From Meriah: Salone

Hello and Happy Summer!

I recently returned from Inform’s first trip to Europe since the beginning of the pandemic and boy, was it exciting!

The Salone del Mobile, usually held in April, was pushed back two and a half years and re-emerged in full force this past June. I admit I was unsure what to expect after all this time; I was nervous it wouldn’t live up to two years of expectations. It turned out to be worth the wait.

Now that I have been home for a few weeks and have had time to reflect on what we saw, my biggest takeaway was how fundamental the human element is in design. Design is all about people; it is for people — this is, literally, why it exists. People make it for other people to sit on, look at, use, hold, and enjoy. (Perhaps I am way off. I’m not up to speed on my Philosophy of Beauty these days, but it feels right to me!) People.

And so, after two years of looking at everything through a digital lens, it was a joy to be able to see, touch, and try products IRL. And to mingle with colleagues, friends, and partners whom we had not seen in such a long time. Our favourite experiences had the most relatable stories and most approachable products. Here is Part One of our Milan highlights:


Patricia Urquiola’s spirit has permeated this whole brand. There is a vibrant mix of heritage and new designs in a considered and daring way that feels fresh and exciting. The brand is forward-looking with environmental commitments and unique designs while honouring its history. The collection has been rounded out with beautiful accessories — the porcelain collection by FormaFantasma was lovely, as were the glass vases by Urquiola Studio.

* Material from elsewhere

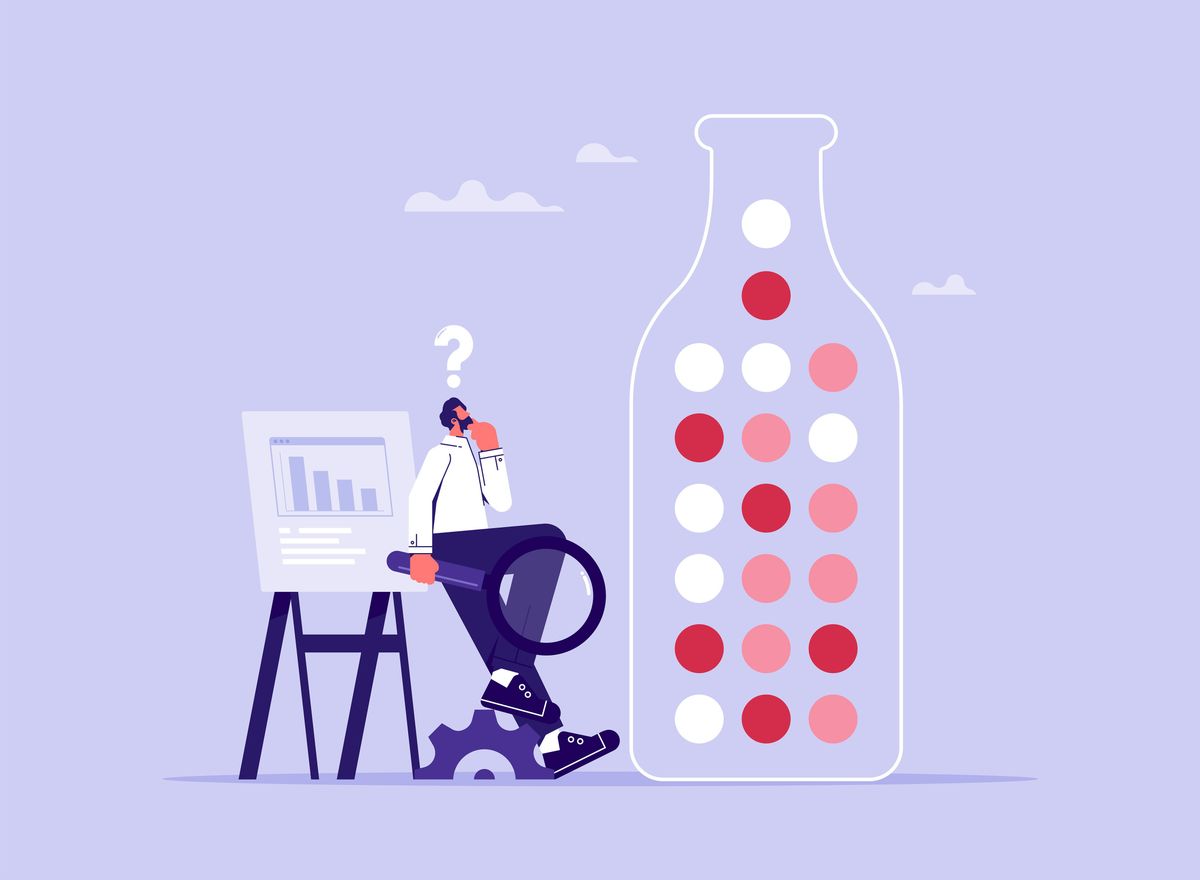 Entrepreneur analyzing business problem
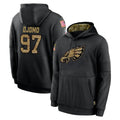 P.Eagles #97 Moro Ojomo Player Black Salute to Service Hoodies Limited Game ROCER Stitched Jerseys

My favourite furniture pieces were the new sofa system and coffee tables by Antonio Citterio. Daring colours — orange cast glass! Acid Green! Oh my! — combined with comfort and curves made this sofa a standout.

Eileen Gray / ClassiCon

Speaking of designing for people, Classicon worked with one of the world’s leading scholars on Eileen Gray, Dr. Wilfried Wang, to build a replica of the Principal Bedroom at Eileen Gray’s E.1027 villa. Visitors could walk through and experience the bedroom the way Gray intended. One could lay on the bed, look out the panoramic window, open and shut drawers, and manipulate the bedside table. The room was small, but as Dr. Wang explained, Gray believed that as smaller living spaces are needed in a modern world, living in these small spaces should be expansive to avoid poverty of experience. Everything in this tiny space was carefully selected and built to provide a rich living experience. It comes as no surprise that her furniture looks better than ever after taking a walk in her shoes!


Throughout the pandemic, we have been introduced to new design products and pieces virtually. But since the human experience of furniture is so important, we like to see, feel and touch the goods before we bring them into our showroom. We were lucky to have been able to experience VAARNII at the Rossana Orlandi Showroom (one of our fav places to get inspired during the Milan fair!) and see their beautiful pieces in person. Made entirely of Finnish pine, with works from designers such as Cecilie Manz and Dimitri Bahler, the designs are simple without being simplistic. We are excited to have the pieces arrive in Vancouver and are sure the self-proclaimed ‘Finnish Brutalist’ style will look amazing here in the Pacific Northwest.